Exercise instructions: The data below contains pictures, which are to be skipped; the lines starting at the line with "Nike/耐克正品JORDAN男士休闲运动连帽套头针织卫衣HV1051-133" and ending at the line with "Cotton Slim Large" are to be output exactly, both ends included.

Data for review:
BEGIN

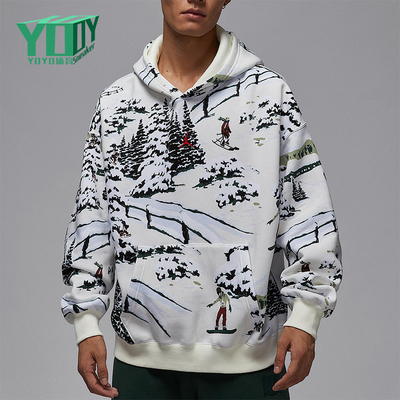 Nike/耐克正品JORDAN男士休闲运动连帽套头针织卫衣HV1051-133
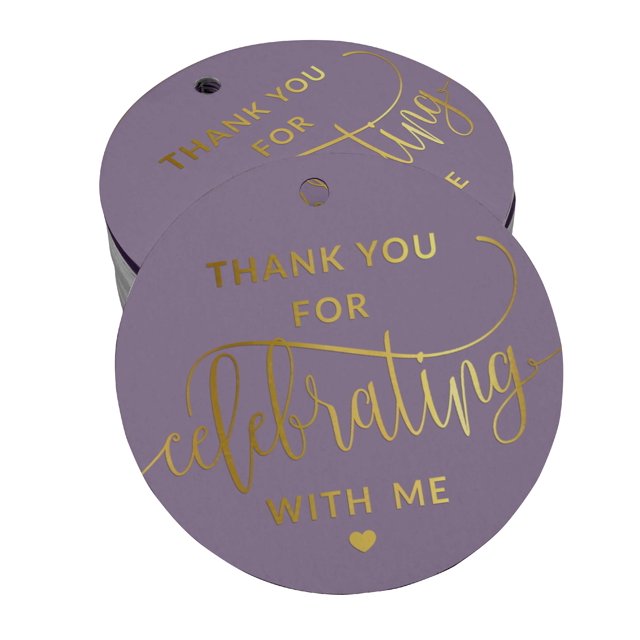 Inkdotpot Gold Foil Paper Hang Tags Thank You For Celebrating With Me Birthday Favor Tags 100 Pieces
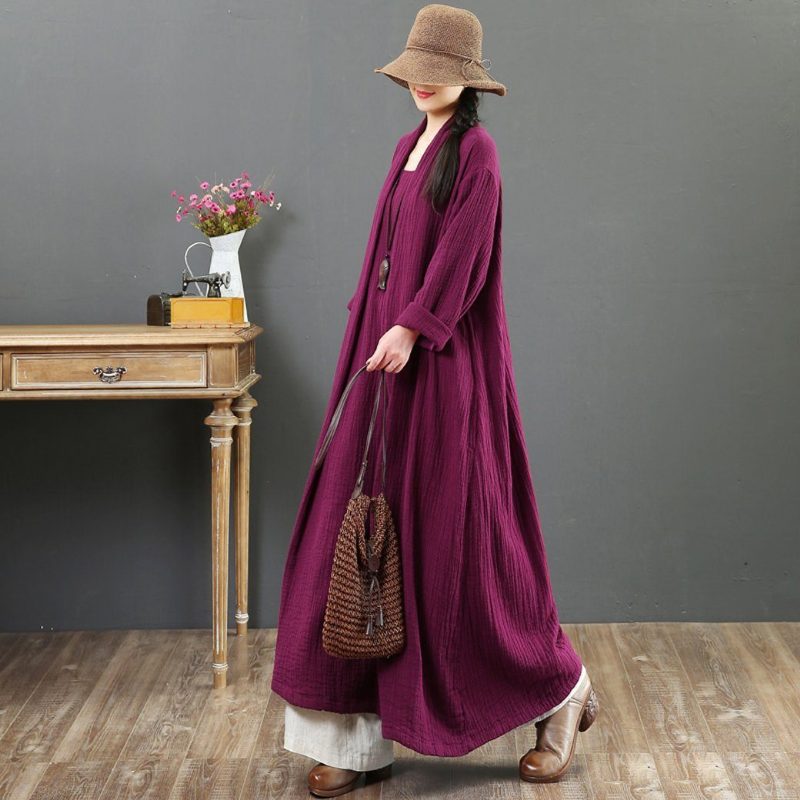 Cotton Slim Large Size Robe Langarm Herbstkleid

END
BEGIN

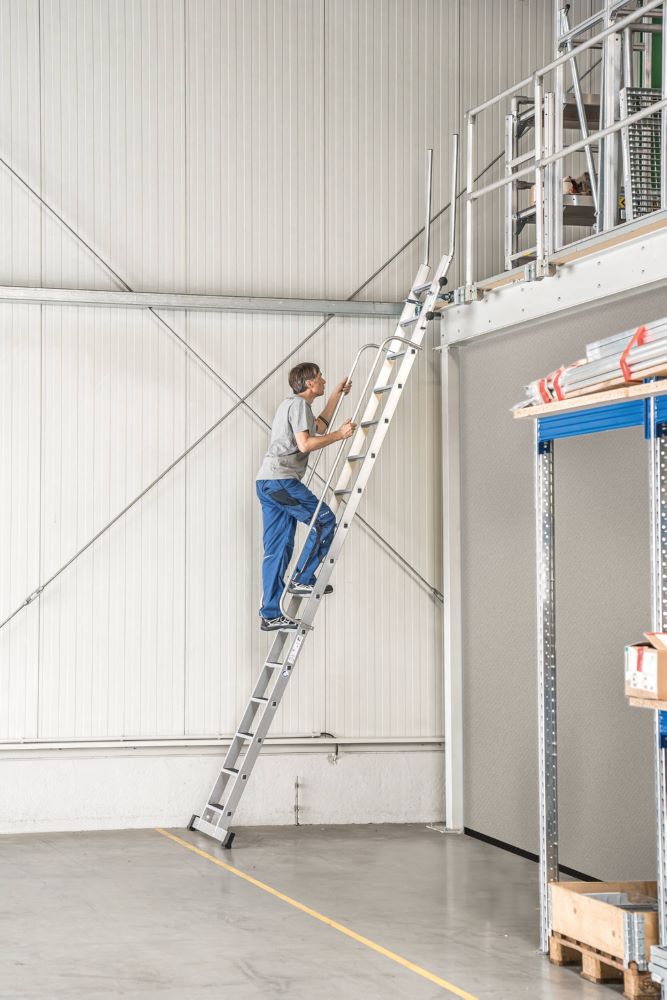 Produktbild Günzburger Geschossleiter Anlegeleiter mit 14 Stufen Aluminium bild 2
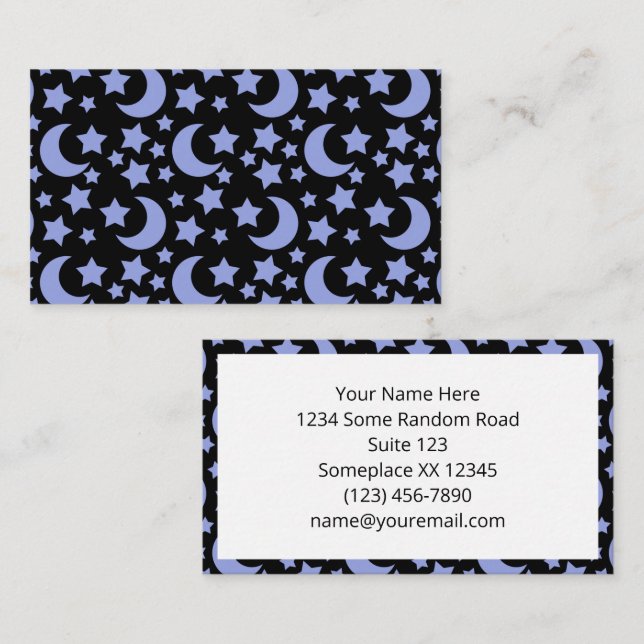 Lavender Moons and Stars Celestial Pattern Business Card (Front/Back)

END

Task result:
 Nike/耐克正品JORDAN男士休闲运动连帽套头针织卫衣HV1051-133
 Inkdotpot Gold Foil Paper Hang Tags Thank You For Celebrating With Me Birthday Favor Tags 100 Pieces
 Cotton Slim Large Size Robe Langarm Herbstkleid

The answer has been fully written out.